Each of the embodiments has been illustrated as being circular in cross section and substantially linear. However it will be appreciated that an elliptical or non-uniform cross-section catheter may be provided for use in partially occluded arteries and similarly a pre-bend may be formed in the catheter for use in removing blockages from curved sections of artery, or for guiding the catheter past junctions or through bifurcations.
It will also be appreciated that the pulverising means can be omitted from the inner pipe 8, or 41, or from the single pipe 30 and in such circumstances the catheter can be advanced around the occluding material in order to grasp and extract it. Under such circumstances, the fingers may be moved to a non operational state so as to grasp the distal portion of the blockage and prevent it from sliding back out of the interior of the catheter.

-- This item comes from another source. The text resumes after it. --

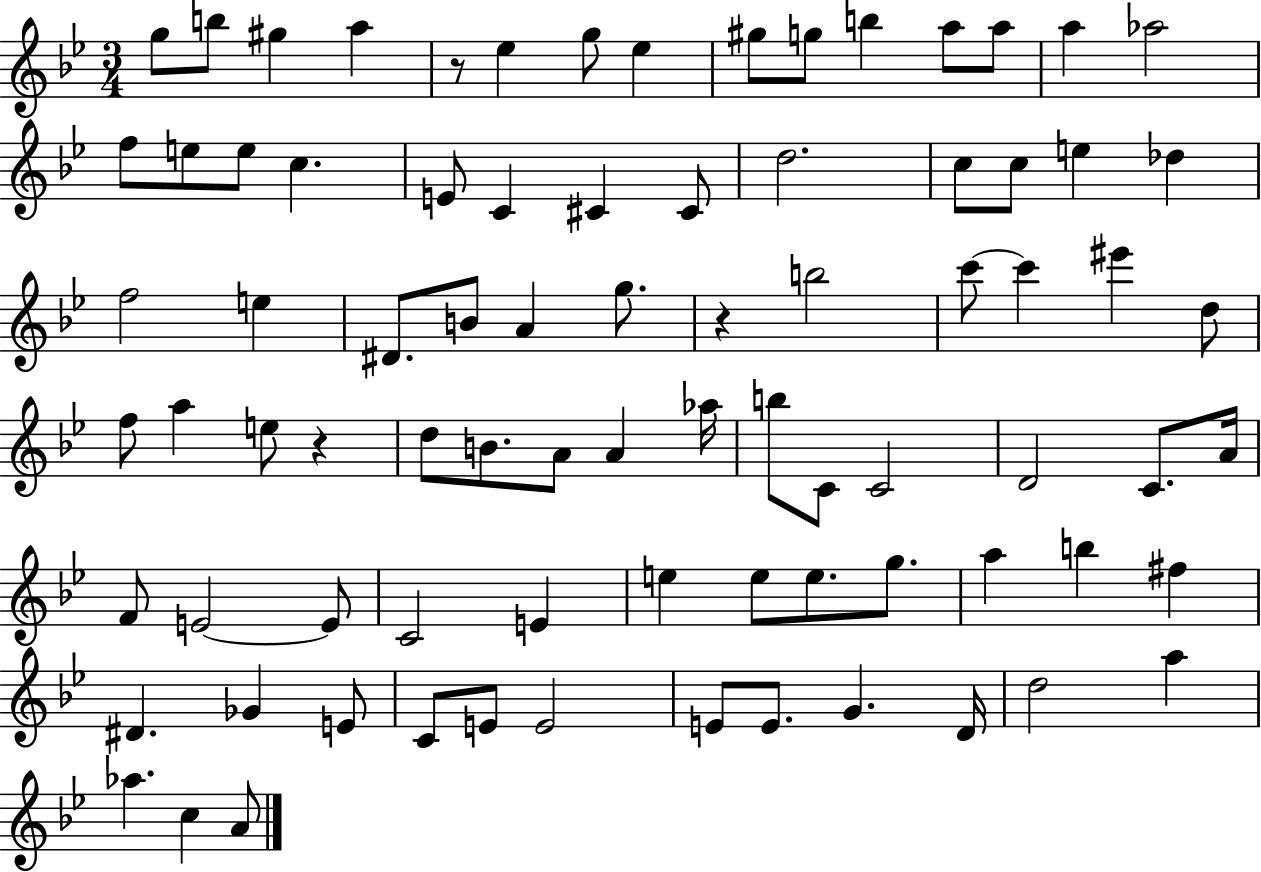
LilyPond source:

Figure 10 illustrates a modification of the catheters shown in Figures 4 and 5. The outer sheath 50 is formed with a plurality of openings 90 (which only one is shown) through which an associated finger 92 can extend. A portion 94 of the sheath 50 at the distal end of the opening 90 may be profiled so as to form a camming surface. The chain line 96 represents the central axis of the catheter. The operation of the embodiment shown in Figure 10 is similar to that described with reference to Figures 4 and 5 accept that the finger 92 is arranged to be withdrawn into the window 90 or to extend through the window. The material of the finger 92 does not need to be biased to either one of the operative or non-operative states since the mechanical abutment between the material of the finger 92 and the sheath 50 ensures that the finger is positively moved between the nonoperating and operating states.
Figure 11 shows a variation of the arrangement shown in Figure 10 in which the finger 92 and the inner tube 52 to which it is connected are no longer of a unitary construction and a hinge arrangement 98 is provided to allow pivotal connection between the inner tube 52 and the finger 92.
In a further arrangement, the arms can be formed of a shape memory alloy such that they are movable from the nonoperating to the operating positions upon application of heat to the arms, for example, by ohmic heating.
Although the present invention has been described with reference to catheters, it will be appreciated that it can be used in unblocking a wide variety of fluid flow paths, including sewage pipes. Under such circumstances, the arms form a funnel and the distal ends of the device can be moved forwardly thereby causing the relatively compressible material blocking the pipe to be forced into the inner pipe, the pipe as appropriate and be pulverised or removed.
It is thus possible to provide a simple, reliable and inexpensive device for use both within and outside the medical field.